Dans le cas de Vivendi, une résolution a néanmoins été déposée à la demande de certains actionnaires pour maintenir le système de droits de vote simple. Cette résolution n'a pas reçu le soutien du conseil de surveillande du groupe, présidé par Vincent Bolloré. L'instauration d'un droit de vote double chez Vivendi illustrerait, s'il le faut encore, la montée en puissance de l'homme d'affaires breton dans le groupe de média et de contenus.



Selon les calculs de Proxinvest, l'instauration des droits de vote double chez Vivendi devrait permettre à Vincent Bolloré de détenir dans un premier temps 18% des droits de vote du groupe. Cette proportion est appelée à augmenter avec la récente montée au capital de l'homme d'affaires breton.



Chez Eiffage, l'instauration des droits de vote double va encore renforcer le pouvoir des salariés, qui détiennent 28% du capital. Cela "constitue un outil anti-OPA très fort pour la direction", souligne Exane. Quant à Numericable, les droits de vote double pourraient permettre à la maison-mère Altice (ATC.AE) de céder des titres pour financer des acquisitions, tout en conservant le contrôle de sa filiale.



L'Etat, principal bénéficiaire des droits de vote double



Mais la loi Florange va surtout bénéficier à son initiateur: l'Etat français. Ce dernier a tout intérêt à voter en faveur de l'instauration de droits de vote double.

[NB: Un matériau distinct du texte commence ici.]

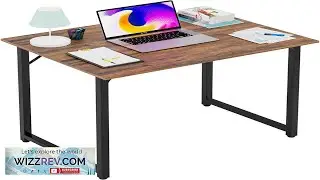PayLessHere 32/39/47 inch Computer Desk Study Writing Table Adjustable feet Modern Review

Il pourra céder des participations - il a déjà prévu de vendre entre 5 milliards à 10 milliards d'euros d'actifs d'ici la mi 2016 - tout en maintenant son influence au capital des groupes cotés.



Pas étonnant dès lors que l'Etat soit allé jusqu'à augmenter sa participation, et donc ses droits de vote, dans Renault (RNO.FR) juste avant l'assemblée générale du constructeur automobile prévue le 30 avril. Cela lui offre plus de poids pour voter contre la résolution visant à maintenir un système de droits de vote simple.



De la même façon, l'Etat a fait pression dès juin 2014 sur Bouygues (EN.FR) pour rejeter une résolution visant à conserver les droits de vote simple chez Alstom (ALO.FR). L'Etat, qui doit reprendre la participation de 29% de Bouygues dans le groupe industriel, tient à asseoir son influence. Ces enjeux concernent aussi GDF Suez (GSZ.FR), EDF (EDF.FR), Aéroports de Paris (ADP.FR), Orange (ORA.FR) et Air France-KLM (AF.FR).



Nul doute que pour ces sociétés, les assemblées générales devraient être particulièrement animées cette année.